Segment Start: PROVIDED RECORDS

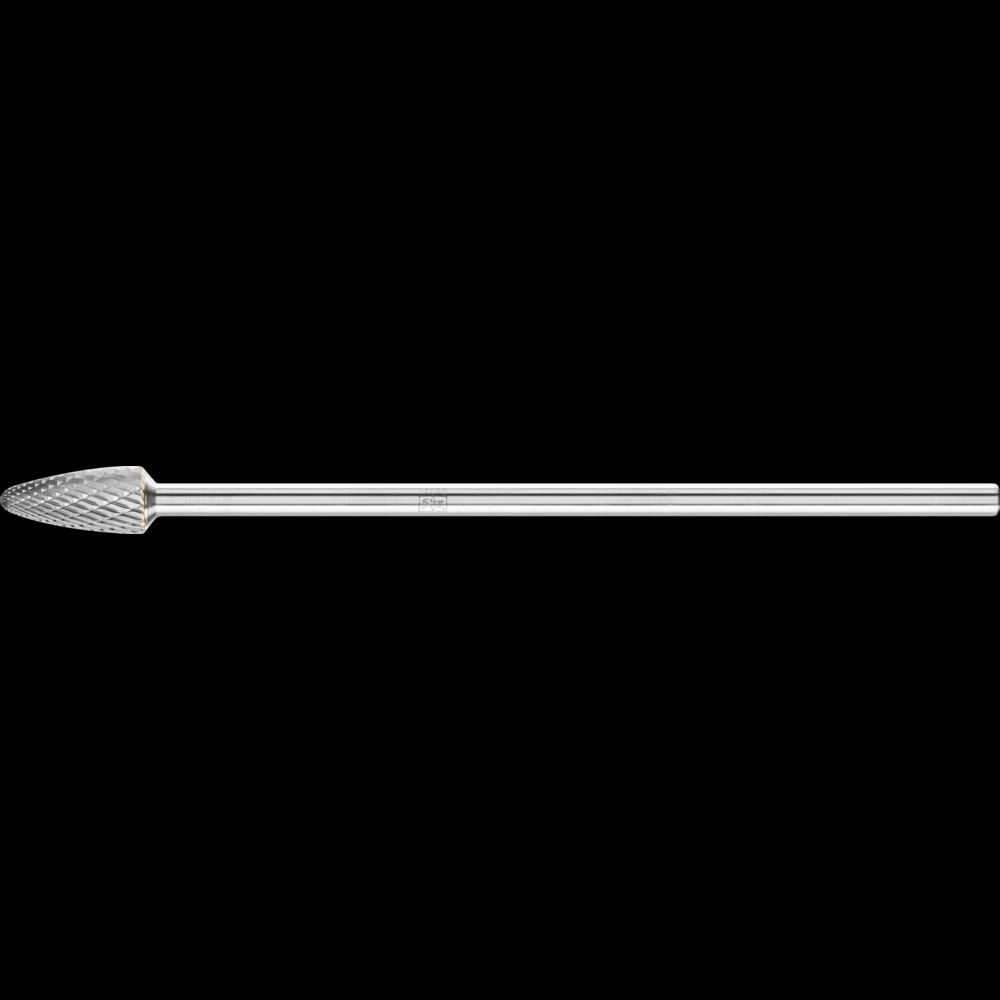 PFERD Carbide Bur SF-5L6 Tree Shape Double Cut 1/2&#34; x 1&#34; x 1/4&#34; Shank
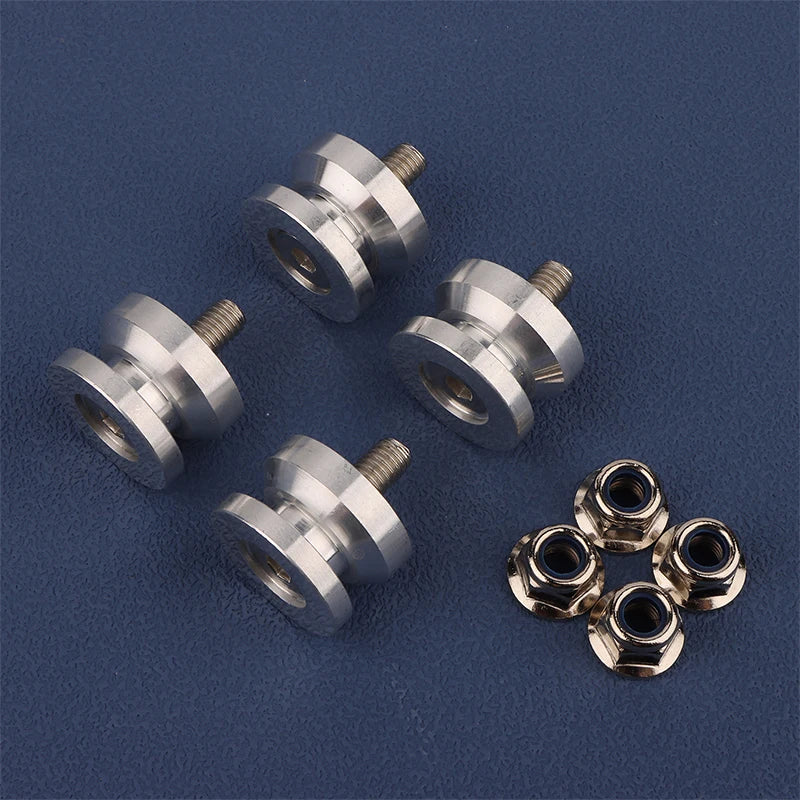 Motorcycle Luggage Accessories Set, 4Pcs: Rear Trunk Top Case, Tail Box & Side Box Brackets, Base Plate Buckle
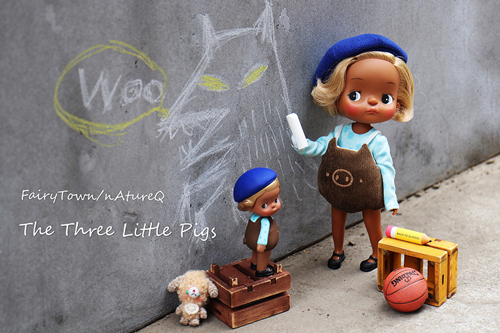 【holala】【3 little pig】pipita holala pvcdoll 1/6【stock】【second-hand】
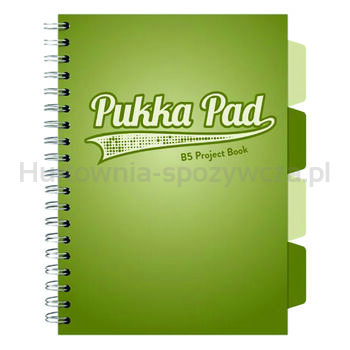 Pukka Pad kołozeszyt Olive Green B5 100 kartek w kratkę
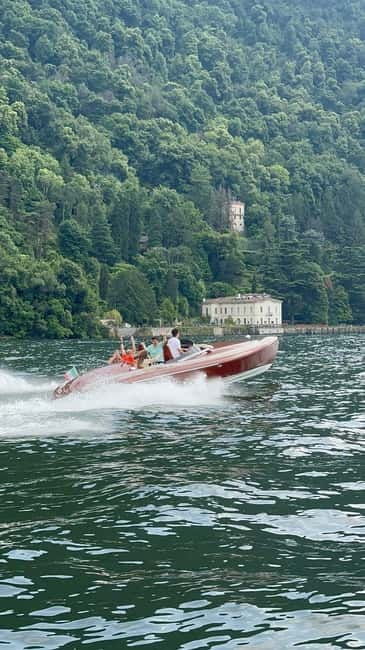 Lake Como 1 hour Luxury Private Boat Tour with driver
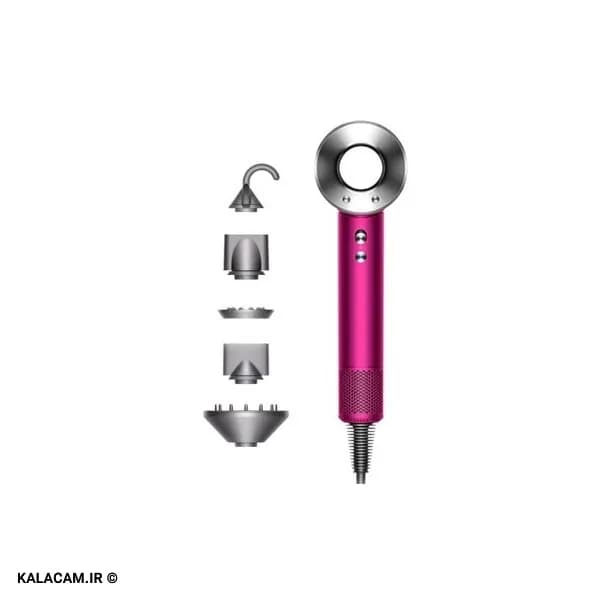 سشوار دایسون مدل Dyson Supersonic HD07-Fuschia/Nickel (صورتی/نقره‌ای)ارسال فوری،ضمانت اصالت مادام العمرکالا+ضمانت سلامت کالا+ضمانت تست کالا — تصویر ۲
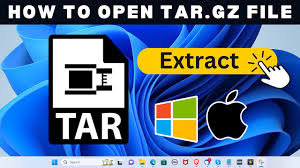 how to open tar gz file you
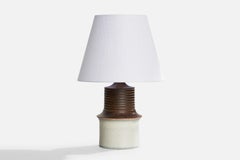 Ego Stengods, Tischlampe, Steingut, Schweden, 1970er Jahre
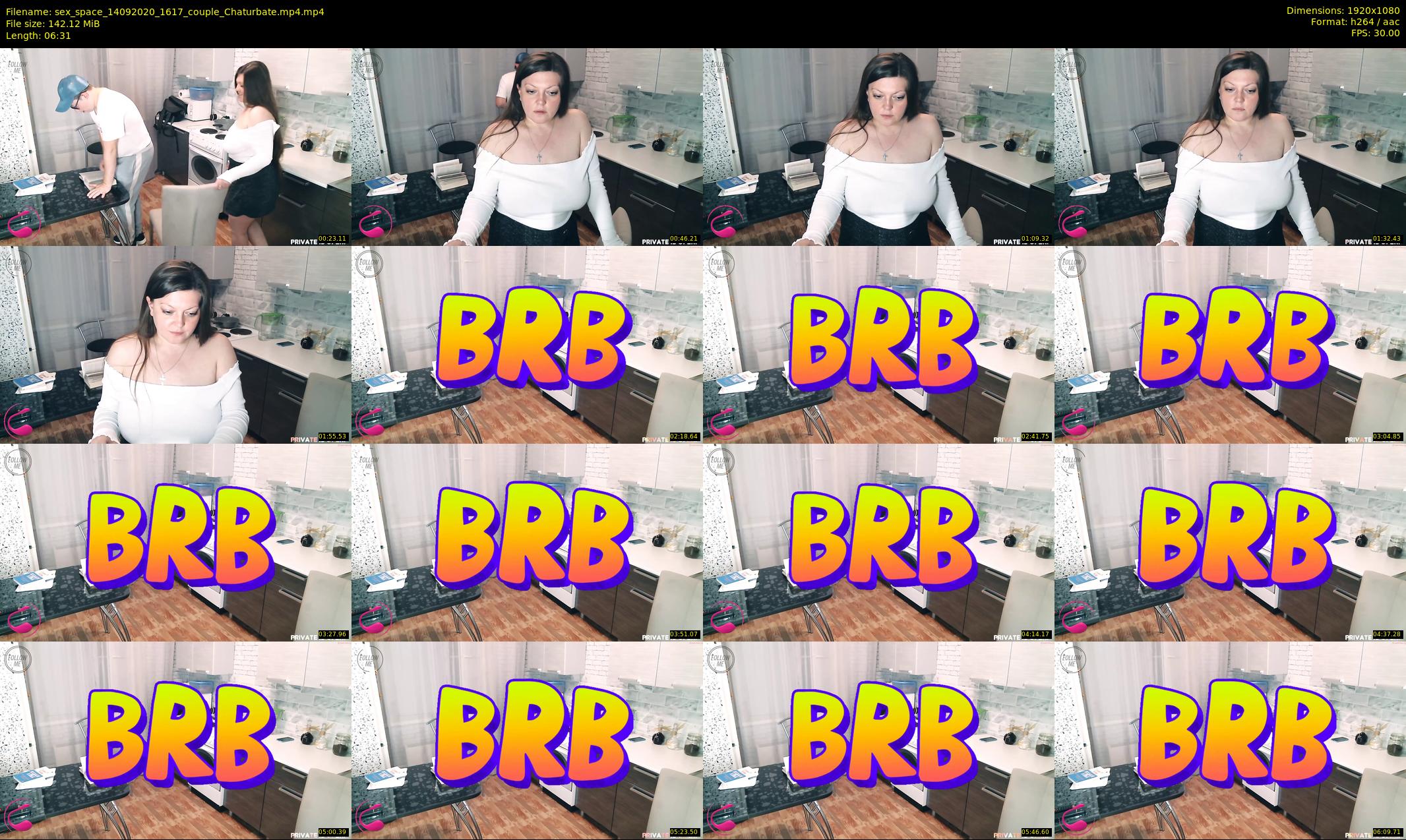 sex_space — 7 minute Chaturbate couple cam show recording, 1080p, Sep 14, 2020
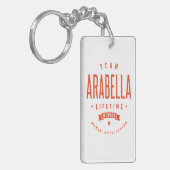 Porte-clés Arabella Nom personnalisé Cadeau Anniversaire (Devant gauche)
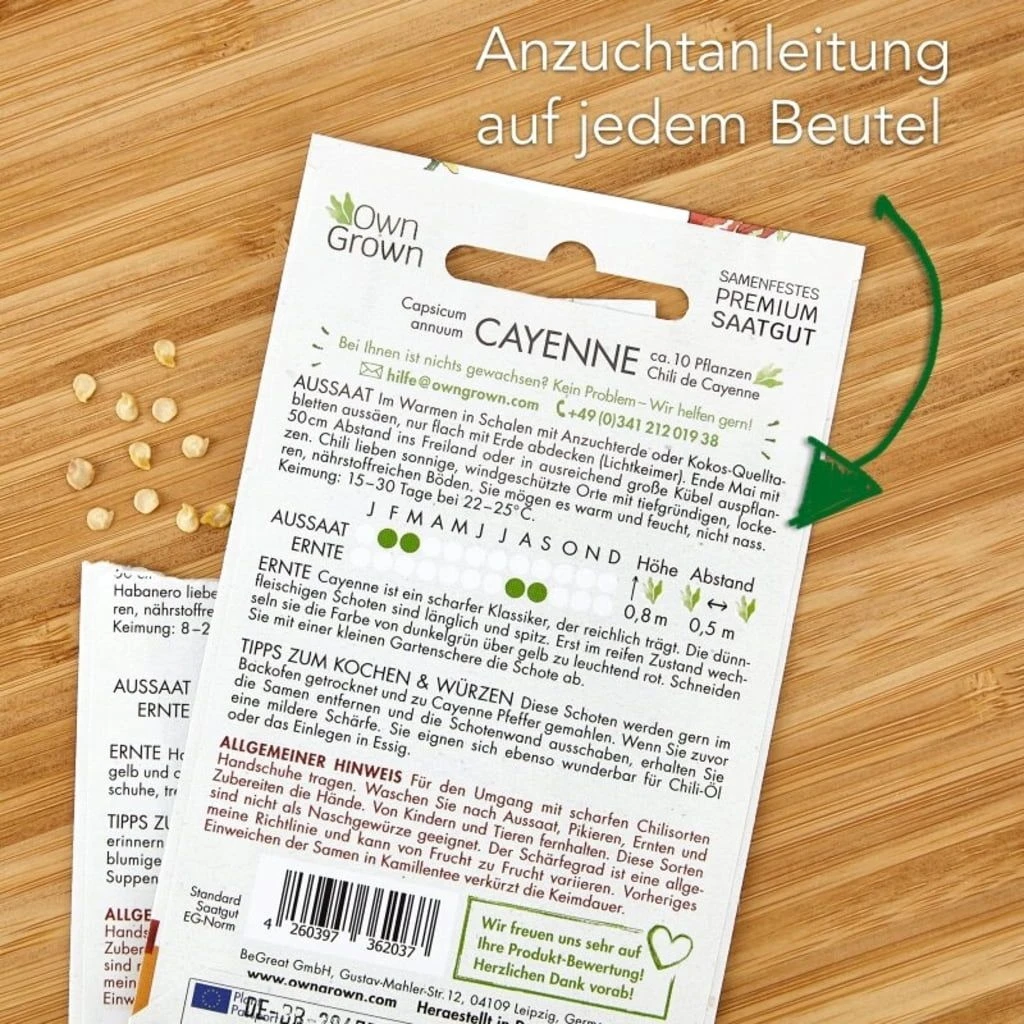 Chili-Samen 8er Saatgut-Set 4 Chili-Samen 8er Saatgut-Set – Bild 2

Segment End: PROVIDED RECORDS

WHAT IS EXPECTED — Leave every picture out and return exactly the lines from the one holding "holala pvcdoll 1/6【stock】【second-hand】" through the end of the records above, both ends included, and nothing more.

OUTPUT —
 【holala】【3 little pig】pipita holala pvcdoll 1/6【stock】【second-hand】
 Pukka Pad kołozeszyt Olive Green B5 100 kartek w kratkę
 Lake Como 1 hour Luxury Private Boat Tour with driver
 سشوار دایسون مدل Dyson Supersonic HD07-Fuschia/Nickel (صورتی/نقره‌ای)ارسال فوری،ضمانت اصالت مادام العمرکالا+ضمانت سلامت کالا+ضمانت تست کالا — تصویر ۲
 how to open tar gz file you
 Ego Stengods, Tischlampe, Steingut, Schweden, 1970er Jahre
 sex_space — 7 minute Chaturbate couple cam show recording, 1080p, Sep 14, 2020
 Porte-clés Arabella Nom personnalisé Cadeau Anniversaire (Devant gauche)
 Chili-Samen 8er Saatgut-Set 4 Chili-Samen 8er Saatgut-Set – Bild 2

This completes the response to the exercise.